「かごめかごめ」「はないちもんめ」「ずいずいずっころばし」……。成立過程や歴史などに不明点が多く、その歌詞には多義的な解釈の余地がある童謡。時に不穏な意味を読み取ることも可能なこの不思議な“うた”の世界に深く潜行し、民俗学者・長野隆之氏の監修の下、物語の旋律が流れ始める。まずは次々に起こる凄惨な事件とともに、謎が深まるばかりの【表の章】。

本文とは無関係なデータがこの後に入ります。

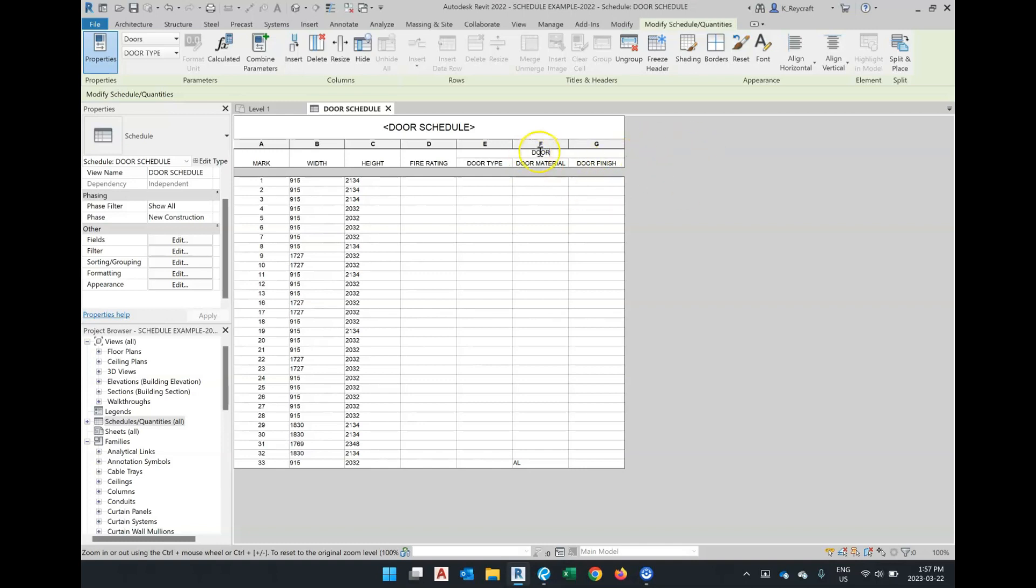And because this is encompassing type, material, and finish, I can actually modify this and remove the word door from each one of these.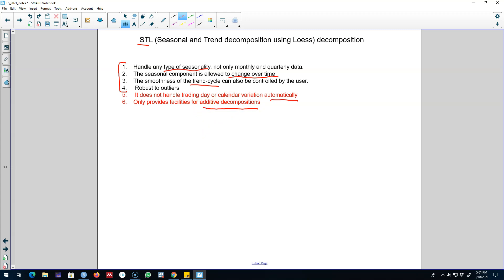However there is a way around to work with multiplicative decomposition using STL. That is, you can first take logs of the data and then back transform the components to get components on the original scale. And remember by taking the log you are transforming the multiplicative model into an additive model. So these are some of the advantages and disadvantages of STL decomposition.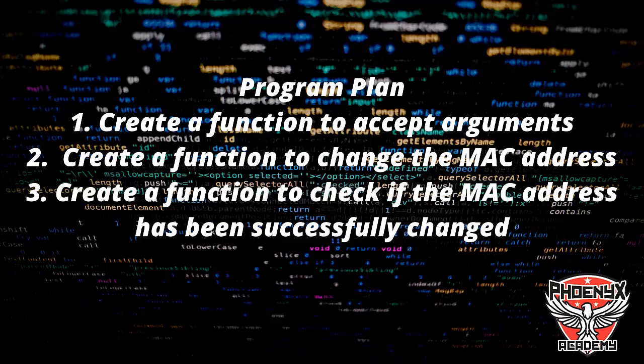we're not using object-oriented programming. We're just creating functions to implement the program. Three functions: one to accept arguments, another to change the MAC address, and a third to verify if the MAC address has been successfully changed.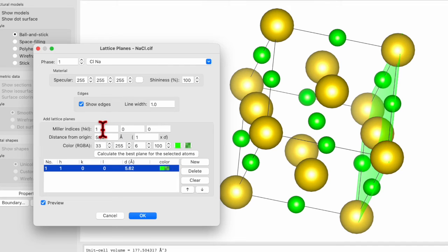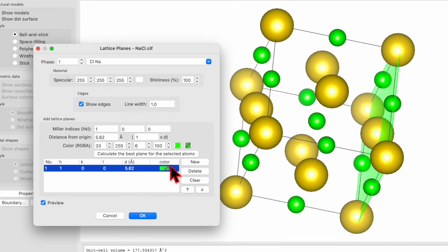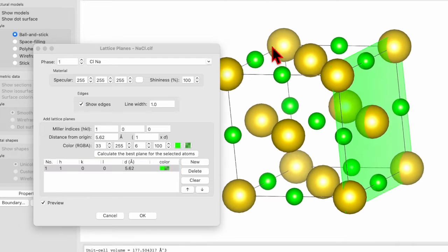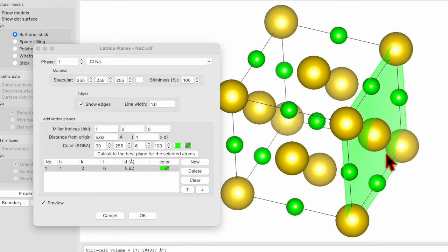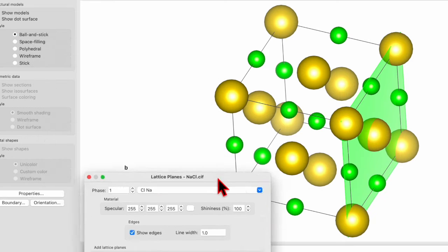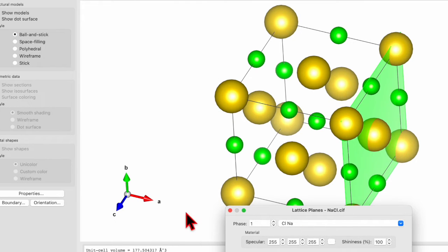And this is the hkl 100 plane and the color is green. So if you move the unit cell, you can see this is along the x-axis, which can also be visible from this compass. So this is pointing toward the a. This is the 100 plane.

 ホラー初主演となる多部未華子さん。凶事の渦中に翻弄されながら、一人、謎に立ち向かう姿に強い存在感が漂う。





○ホラー映画は観るほうですか?
興味はあったけど、ホラーを観には行かない方でしたね。霊感もないんです。
童謡や童話って怖いものが多いのに、『こわい童謡』のような映画が今までなかったのが不思議ですね。

○初ホラーです。演じてみてどうでしたか?
台本には「キャー!」とかは書かれていなくて、「!!」が多かったんです。叫ばないホラー。そこにリアリティがあると思います。日常では驚くことってなかなかないんですけど、そういったシーンが何度もあって。驚く表情が全部違うように演じ分けようと思ってやっていました。監督に相談はあまりしていません。仕事を始めた頃からずっとそうなんです。考え込まないし、前もってやっておくこともない。緊張もないですね。こんな感じなので、よくマイペース、淡々としてるって言われます。

○では、撮影中の現場はどうでしたか?
現場では、ホラー映画の裏側のトリックを見ることができて楽しかったです。死体役の人がまばたきを必死にこらえていたり、ひたすら誰かを刺しているふりをし続けるとか、画面で見ると怖いシーンでも現場でその撮影の様子を冷静に見ていると、私たちはいまいったい何をしているんだろう?と可笑しくなってしまうこともありました。それから、現場でよく道に迷いました。撮影場所の学校がとても大きくて。トイレに行くのが怖かったです。

○作品を観ていかがでしたか?
「表の章」は自分が出ていて、「ここはこうで、そしてこう思ったんだ」、と思いながら見ていました。安さん主演の「裏の章」は、どう撮っているのかわからなかったので、「いつ何がでてくるのか…!」とドキドキしながら観ていました。「そろそろ来るぞ!」って思っていたら、何も起こらなかったり。「そう来たか!」と驚かされたりしました。

○多部さんにとって怖いものとは?
ゴキブリ。あとセミです。セミは歩いているときに私に向かって飛んできたのがきっかけで、形、鳴き声、全部ダメなんです。

○これからどんな女優としてやっていきたいですか?
いろいろなことに挑戦しつつも、マイペースに、自然体でやっていきたいです。

○最後に本作のみどころをお願いします。
叫ばないホラーです。
表と裏、それぞれ違うホラーなので、ぞれぞれ違う驚きがあると思います。